If you sit in your office with a tension headache and white knuckles because of low pay, annoying co-workers and a heavy workload, you can take solace in this: You are not alone.

Seventy-three per cent of US workers are stressed by at least one thing at work, according to a telephone survey of 898 employed adults conducted by Harris Interactive on behalf of Everest College, a system of for-profit colleges that focuses on career and vocational training.

Low wages, identified by 11% of workers, was chosen as the most stressful aspect of work. The stress is causing damage to employers as well as employees, according to John Swartz, Everest College’s regional director of career services.

“You start looking at things like negative turnover and then, of course, the potential large costs to the employer, so at the end of the day everybody loses,” Swartz said. “It’s not just impacting the employee, it’s impacting the employer.”

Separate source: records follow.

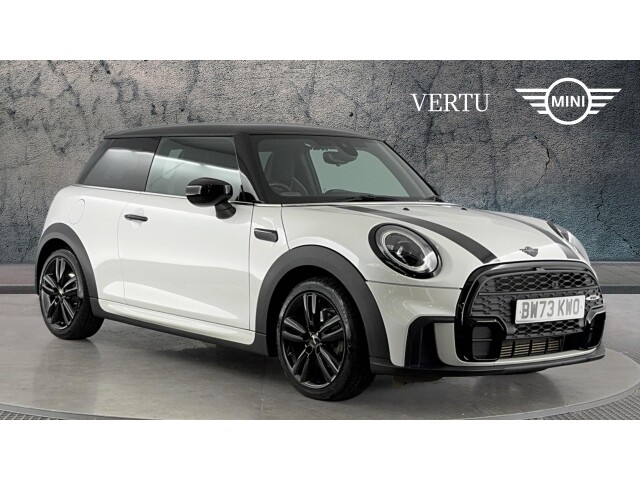 Main listing image - MINI Hatchback
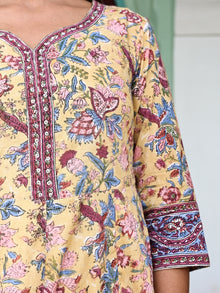 Jashn Palak Anarkali Kurta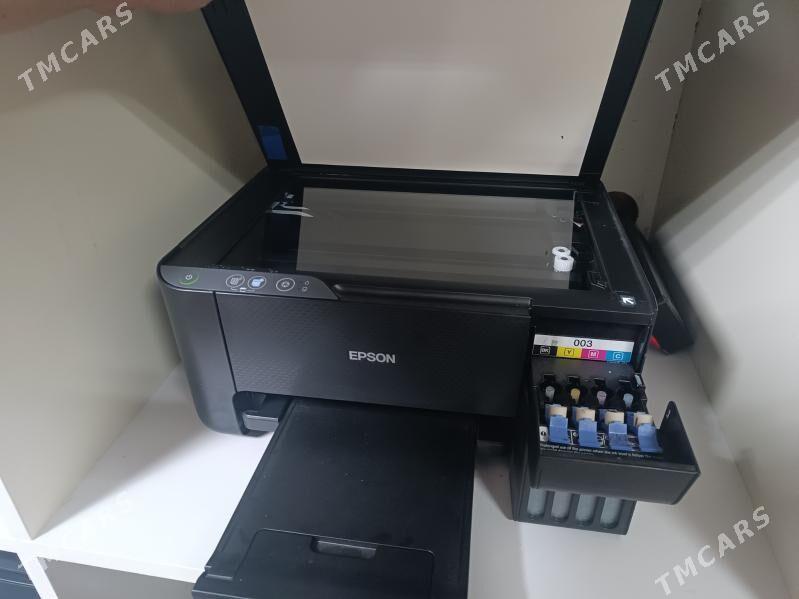 epson 3 v 1 эпсон L 3210 - Hitrowka - img 2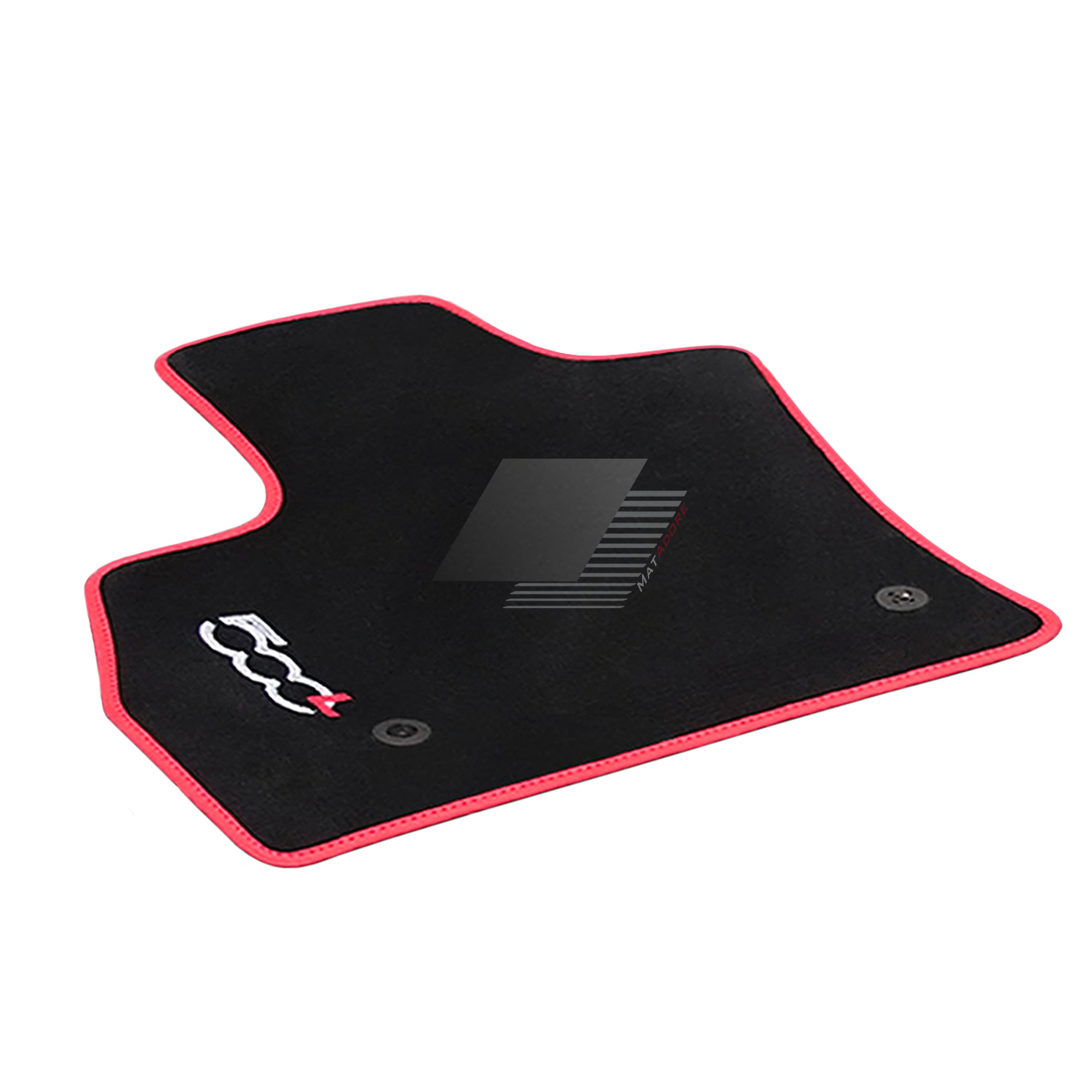 Fiat 500L Floor Mats 2013 Onwards #500L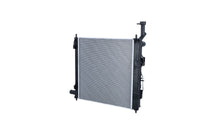 Motora dzesēsanas radiators - 550200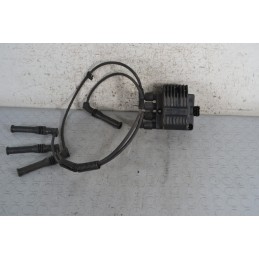 Bobina accensione Opel Tigra dal 1994 al 2001 Cod 1103872  1690190234430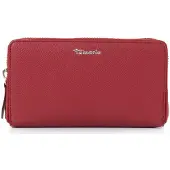 Tamaris Porte-monnaies 'Amanda' rouge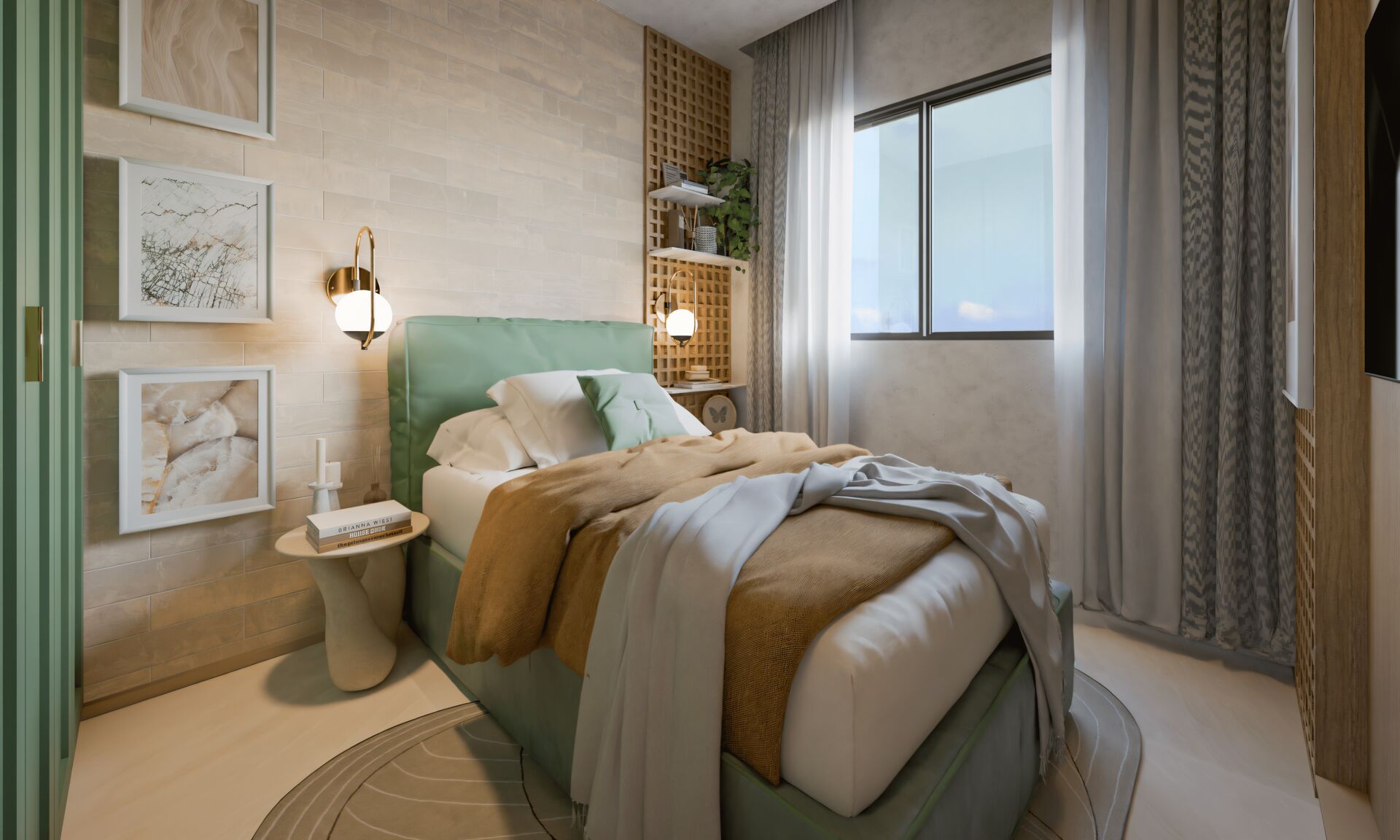 Apartamento, 2 quartos, 62 m² - Foto 7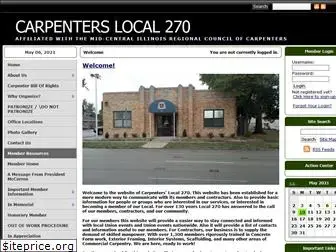 carpenters270.com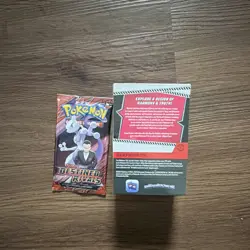 Pokemon TCG Scarlet & Violet White Flare Booster Pack + Booster Bundle (7) - Image 3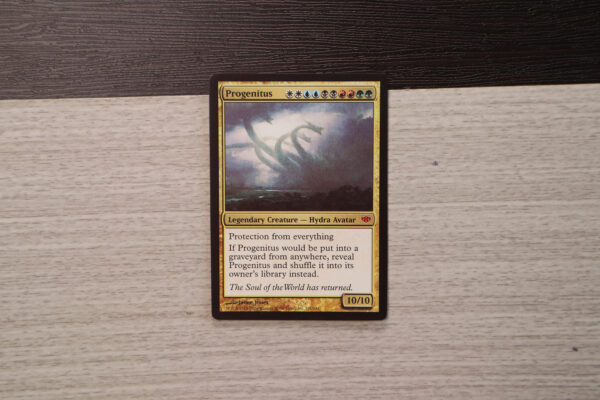Progenitus Conflux normal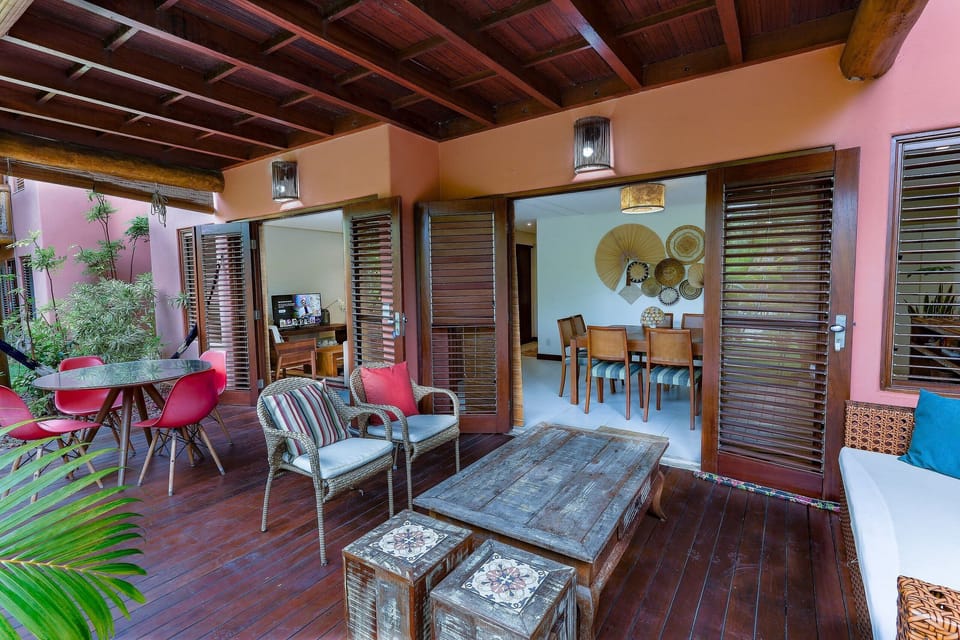 Balcony / Terrace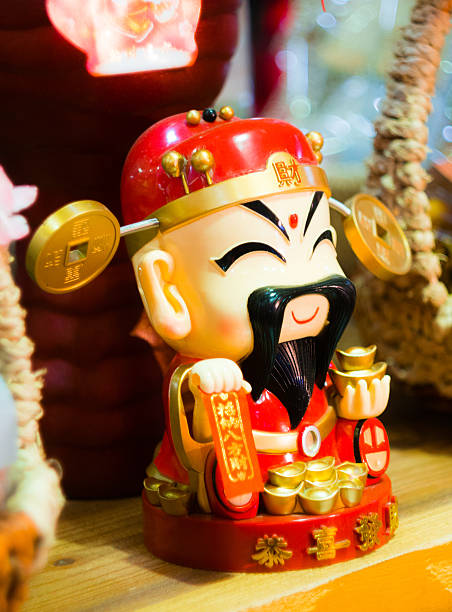 istock Lucky figure in the souvenir shop 472606490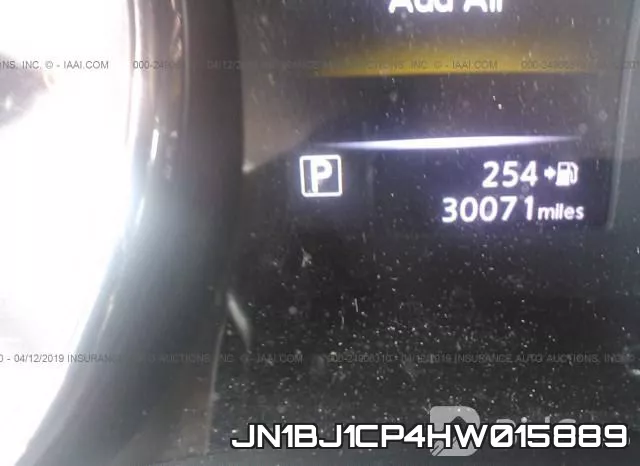 JN1BJ1CP4HW015889 фото 8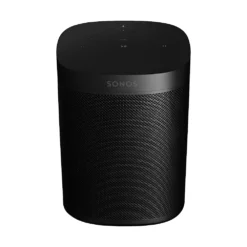 Sonos One, eestvaade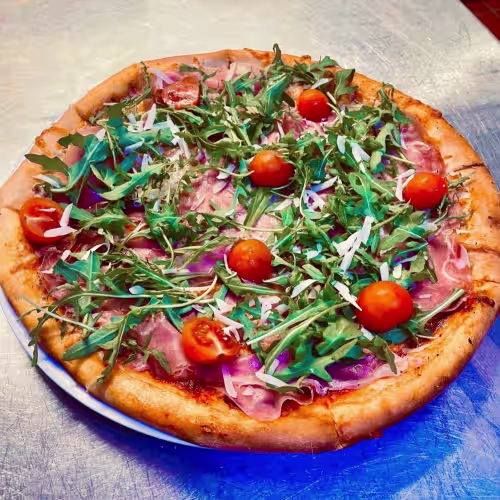 Pizza Tiffany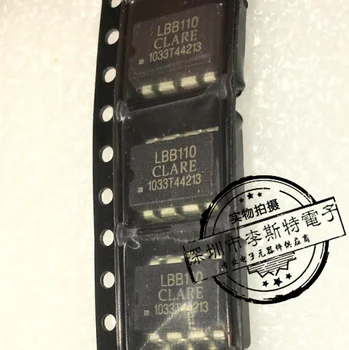 

50PCS LBB110 LBB110S SMD SOP-8 optocoupler new original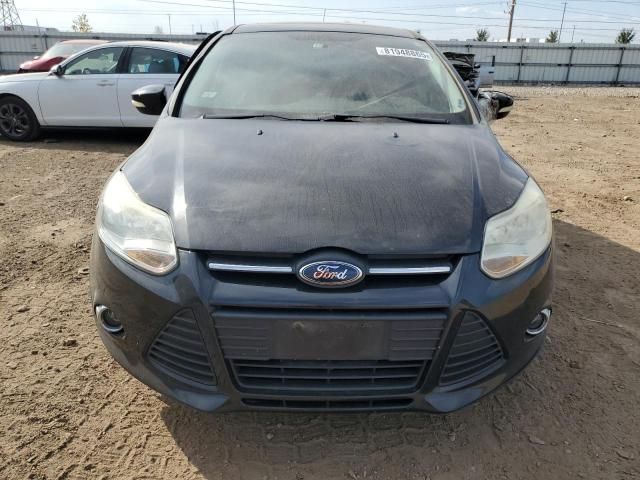 2014 Ford Focus se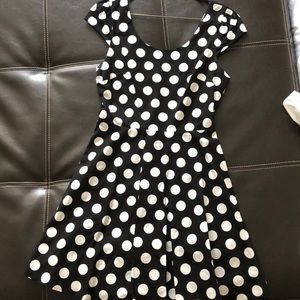 Forever 21 S Polka Dot Dress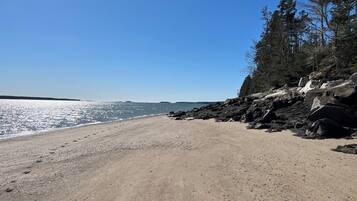 Playa en los alrededores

Other top stressors included:

  • Annoying co-workers (named by 10% of respondents).

  • Commuting (9%).

  • Unreasonable workload (9%).

  • Working in a job that is not their chosen career (8%).

Swartz said a significant amount of workforce unhappiness can be traced to workers’ dissatisfaction with the direction of their career. He said developing relevant skills and working at a job you enjoy can lead to greater satisfaction with pay and career direction.

“As long as you have the skills and as long as you are working in an industry that’s in demand, there are going to be opportunities,” Swartz said. “As long as people are constantly re-evaluating their skill set and trending in that direction, they’re always going to be marketable.”

Women are more frustrated than men with their pay and the work they are doing, according to the survey. Low wages was identified as the top stressor by 14% of women compared with 8% of men. Eleven per cent of women and 5% of men said their top stressor was working in a job that is not in their chosen career.

The link between career path and happiness on the job also was evident in a recent survey by temporary accounting, finance and bookkeeping staffing service Accountemps. Asked how important knowing their potential career path is to their overall job satisfaction, 54% of workers said “very important” and 31% said “somewhat important.”
 
The Everest survey also broke out responses by education level. Those with a high school diploma or less said low pay (14%) and annoying co-workers (12%) were the most stressful things about work. College graduates ranked unreasonable workload (13%) and low pay (11%) as top stressors.

One stressor that abated significantly in the second annual survey was fear of job loss. In 2011, 9% of workers rated fear of being fired or laid off as their top concern, compared with 4% of workers in 2012.

But even if job security increases and unemployment were to decrease, Swartz said, skill development would remain vital to continued career happiness.

“We can’t take our foot off the gas,” he said. “We have to continue to look at ourselves and reinvent when needed to make sure we’re really prepared for the future.”